__Work request__. Copy exactly the lines of the records below, and only those lines, beginning with the line that contains "In Anzug und" and ending with the line that contains "Acrylic Thick Chain".

──────── Exercise input ────────

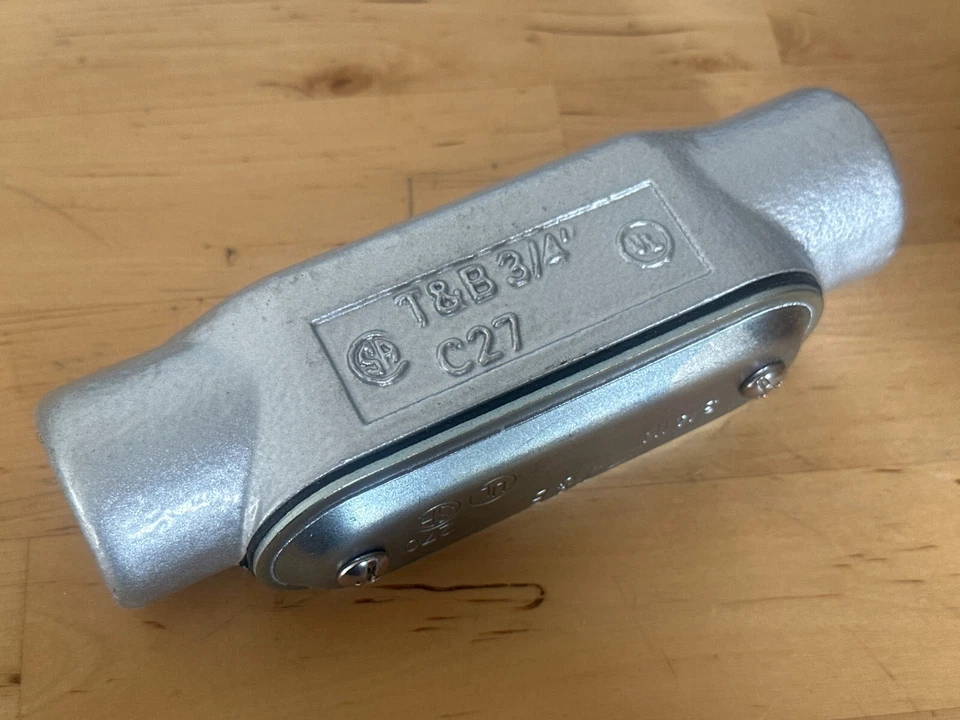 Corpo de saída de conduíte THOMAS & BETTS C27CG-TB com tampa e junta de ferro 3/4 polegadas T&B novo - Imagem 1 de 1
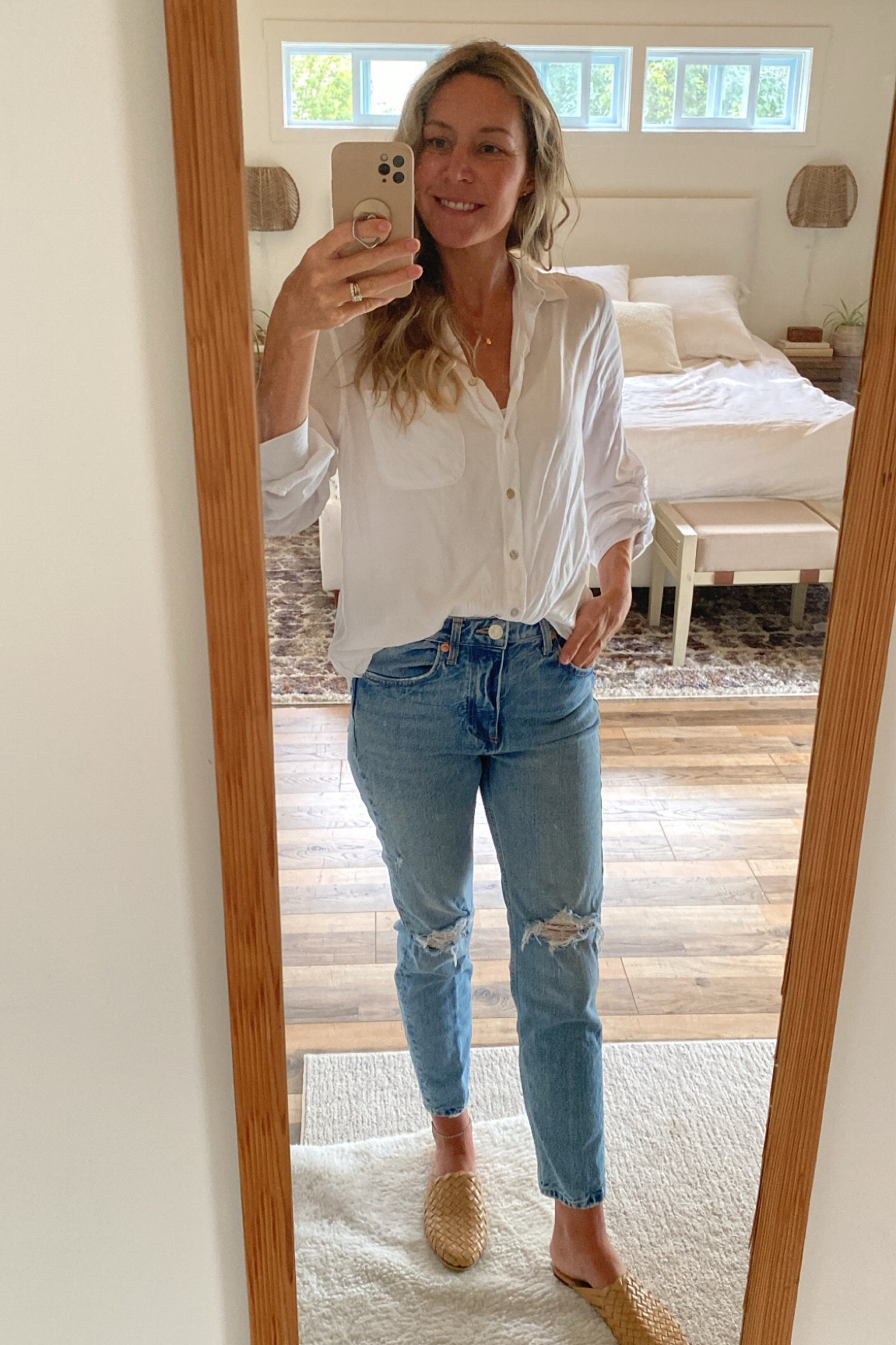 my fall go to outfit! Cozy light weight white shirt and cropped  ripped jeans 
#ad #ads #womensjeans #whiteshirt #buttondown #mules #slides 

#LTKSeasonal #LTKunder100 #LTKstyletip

────────
──────── Exercise input ────────

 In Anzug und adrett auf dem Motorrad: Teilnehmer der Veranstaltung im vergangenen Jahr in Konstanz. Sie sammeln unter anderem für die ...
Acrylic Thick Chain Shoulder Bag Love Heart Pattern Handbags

────────

__Solution__.
 In Anzug und adrett auf dem Motorrad: Teilnehmer der Veranstaltung im vergangenen Jahr in Konstanz. Sie sammeln unter anderem für die ...
Acrylic Thick Chain Shoulder Bag Love Heart Pattern Handbags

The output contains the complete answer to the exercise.